Bloomberg is reporting that Texan financier Allen Stanford is scheduled to go on trial on September 12 in Houston on charges he led a US$7 billion investor fraud. Jury selection will begin on this day.
Stanford, 61, was indicted in June 2009 on 21 criminal charges that he duped investors about the safety of certificates of deposit issued by his Antigua-based Stanford International Bank Ltd. Last week, prosecutors re-indicted the financier on narrower charges, dropping seven allegations.
Saying that the superseding indictment contained “no basic changes in the relevant counts,” U.S. District Judge David Hittner yesterday signed an order setting Stanford’s trial to start with jury selection in about four months.
Stanford, who became well-known in the Caribbean after inaugurating a wildly popular Twenty/20 cricket tournament, has been in jail as a flight risk since he was detained almost two years ago. His trial was to begin Jan. 24, until Hittner postponed the case to allow Stanford to undergo drug rehabilitation in a prison facility.
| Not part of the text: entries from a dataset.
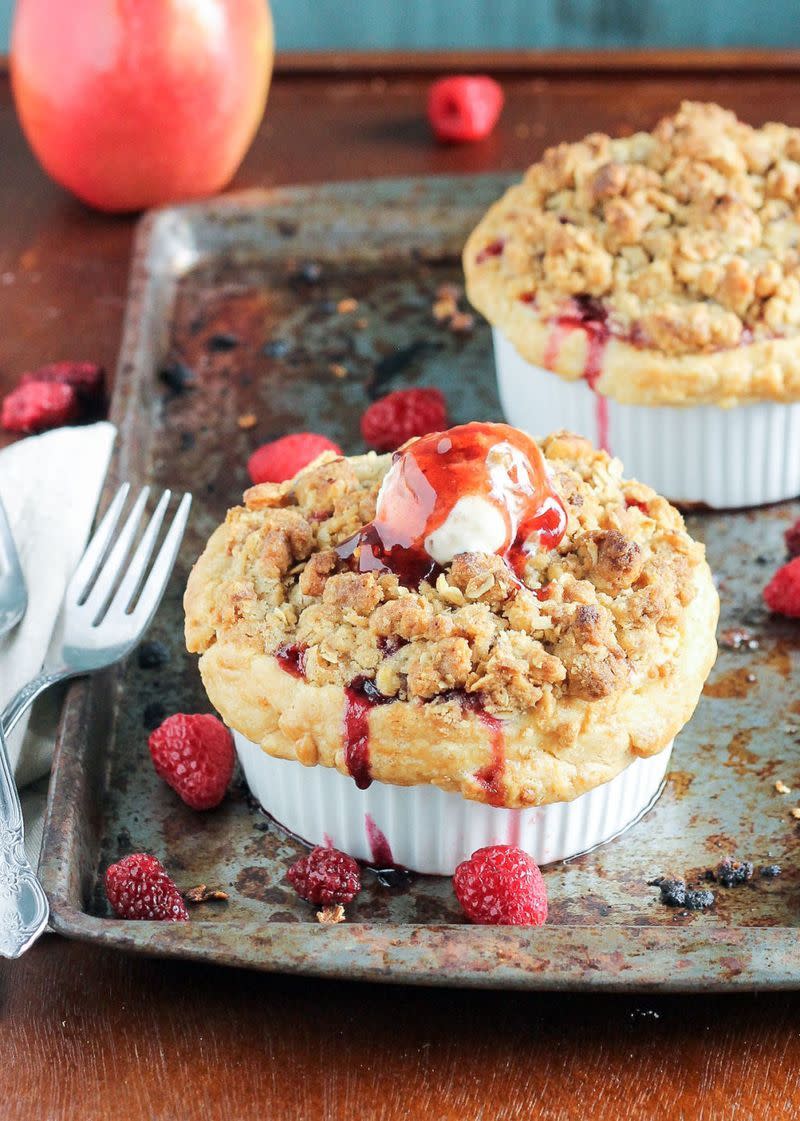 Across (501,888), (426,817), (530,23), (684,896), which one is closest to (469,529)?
(426,817)

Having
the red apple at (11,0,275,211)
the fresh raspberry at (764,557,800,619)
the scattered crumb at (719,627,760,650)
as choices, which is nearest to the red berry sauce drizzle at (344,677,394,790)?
the scattered crumb at (719,627,760,650)

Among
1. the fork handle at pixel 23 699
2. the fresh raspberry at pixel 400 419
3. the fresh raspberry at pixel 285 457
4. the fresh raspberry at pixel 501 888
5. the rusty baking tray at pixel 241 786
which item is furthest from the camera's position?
the fresh raspberry at pixel 400 419

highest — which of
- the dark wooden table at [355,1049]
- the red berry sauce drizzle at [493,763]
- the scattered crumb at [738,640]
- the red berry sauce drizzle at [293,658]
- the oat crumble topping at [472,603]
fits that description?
the oat crumble topping at [472,603]

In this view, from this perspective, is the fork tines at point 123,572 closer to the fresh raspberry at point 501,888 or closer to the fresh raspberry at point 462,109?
the fresh raspberry at point 501,888

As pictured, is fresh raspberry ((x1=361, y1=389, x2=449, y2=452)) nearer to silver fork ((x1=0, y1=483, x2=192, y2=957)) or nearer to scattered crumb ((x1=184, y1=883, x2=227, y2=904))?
silver fork ((x1=0, y1=483, x2=192, y2=957))

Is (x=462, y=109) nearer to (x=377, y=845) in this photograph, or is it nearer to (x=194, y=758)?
(x=194, y=758)

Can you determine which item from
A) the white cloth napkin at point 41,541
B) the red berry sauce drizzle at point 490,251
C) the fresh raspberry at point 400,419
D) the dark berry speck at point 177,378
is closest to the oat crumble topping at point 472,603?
the white cloth napkin at point 41,541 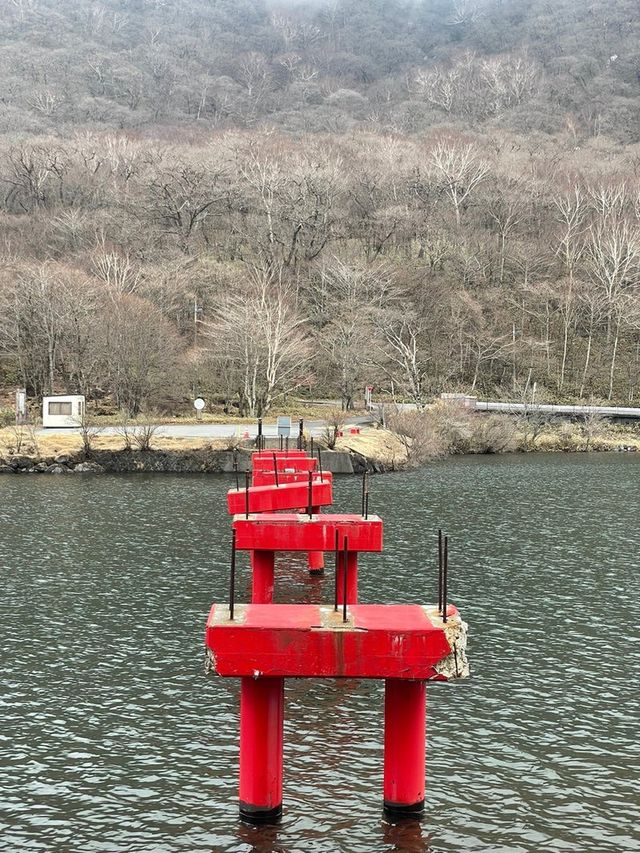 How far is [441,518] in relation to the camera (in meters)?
32.4

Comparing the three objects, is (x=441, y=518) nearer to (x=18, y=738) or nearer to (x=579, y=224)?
(x=18, y=738)

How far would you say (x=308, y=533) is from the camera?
15258 millimetres

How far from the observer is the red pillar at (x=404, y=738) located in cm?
933

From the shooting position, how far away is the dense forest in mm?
67562

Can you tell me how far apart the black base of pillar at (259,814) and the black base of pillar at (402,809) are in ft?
3.91

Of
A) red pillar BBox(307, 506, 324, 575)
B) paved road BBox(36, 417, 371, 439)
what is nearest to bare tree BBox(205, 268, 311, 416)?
paved road BBox(36, 417, 371, 439)

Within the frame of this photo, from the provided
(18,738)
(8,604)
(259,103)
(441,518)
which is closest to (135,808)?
(18,738)

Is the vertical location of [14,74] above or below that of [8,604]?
above

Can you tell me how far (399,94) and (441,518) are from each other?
171 metres

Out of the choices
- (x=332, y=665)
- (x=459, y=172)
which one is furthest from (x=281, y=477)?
(x=459, y=172)

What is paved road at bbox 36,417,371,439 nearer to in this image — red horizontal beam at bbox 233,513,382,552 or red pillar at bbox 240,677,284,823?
red horizontal beam at bbox 233,513,382,552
Stanford was found mentally unfit to assist in his defence as a result of an addiction to prescription anxiety drugs he acquired while in prison. Stanford has been undergoing detox treatment at the hospital unit at the federal prison in Butner, North Carolina, since mid-February.
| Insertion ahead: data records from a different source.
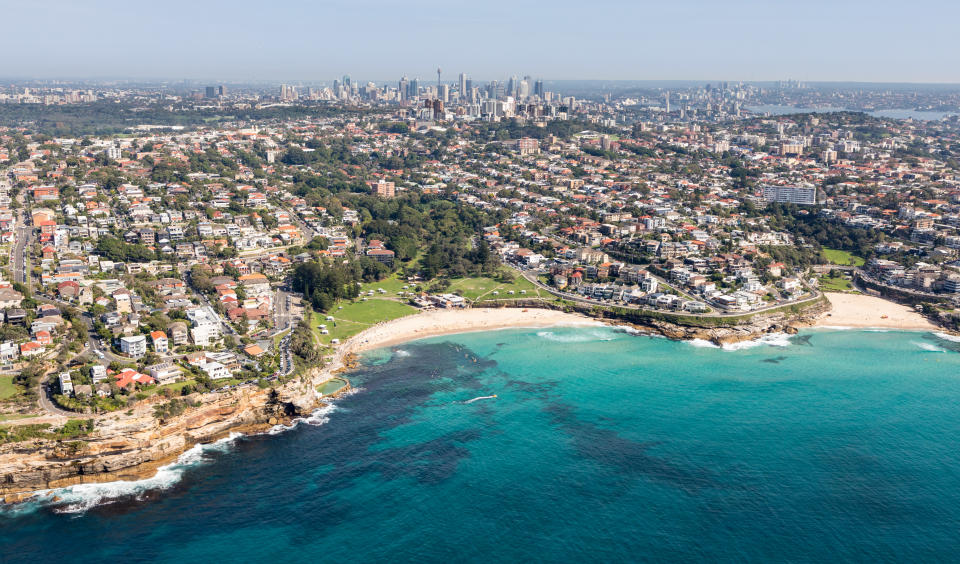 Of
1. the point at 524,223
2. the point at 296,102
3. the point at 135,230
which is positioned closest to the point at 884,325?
the point at 524,223

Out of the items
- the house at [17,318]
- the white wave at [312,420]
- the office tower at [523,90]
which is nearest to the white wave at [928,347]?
the white wave at [312,420]

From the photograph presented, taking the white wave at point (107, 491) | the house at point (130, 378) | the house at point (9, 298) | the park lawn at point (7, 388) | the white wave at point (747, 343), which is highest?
the house at point (9, 298)

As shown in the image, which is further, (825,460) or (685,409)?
(685,409)

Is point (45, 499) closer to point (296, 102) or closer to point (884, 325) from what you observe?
point (884, 325)

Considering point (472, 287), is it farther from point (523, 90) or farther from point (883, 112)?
point (883, 112)

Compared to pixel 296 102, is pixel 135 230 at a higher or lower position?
lower

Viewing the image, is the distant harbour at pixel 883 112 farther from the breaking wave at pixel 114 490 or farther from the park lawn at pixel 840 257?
the breaking wave at pixel 114 490

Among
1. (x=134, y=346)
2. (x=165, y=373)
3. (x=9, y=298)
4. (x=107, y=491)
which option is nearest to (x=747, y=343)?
(x=165, y=373) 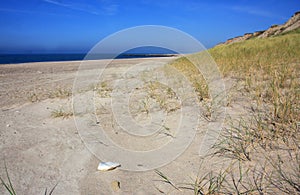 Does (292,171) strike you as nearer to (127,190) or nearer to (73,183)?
(127,190)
“Our client has been found incompetent and is currently still in Butner,” Ali Fazel, one of Stanford’s criminal-defence lawyers, told Bloomberg yesterday. He declined to comment further, citing the judge’s order not to discuss the case publicly.
The criminal case is U.S. v. Stanford, 09-cr-342, U.S. District Court, Southern District of Texas (Houston).
Analysts in the region say that Stanford used his cricket involvement in the Caribbean to mobilize more money for the Ponzi-like CD scheme that he ran. Several local institutions have had to write-off sums invested with Stanford’s Antigua bank as there is virtually no prospect of a recovery.
Hand-in-Hand Trust Corporation had $822M invested in Stanford CDs and has had to write this off. Hand-in-Hand had told Stabroek Business in March 2009 that the amount represented 10.6 per cent of the Trust’s deposits and 9.2 per cent of its gross assets.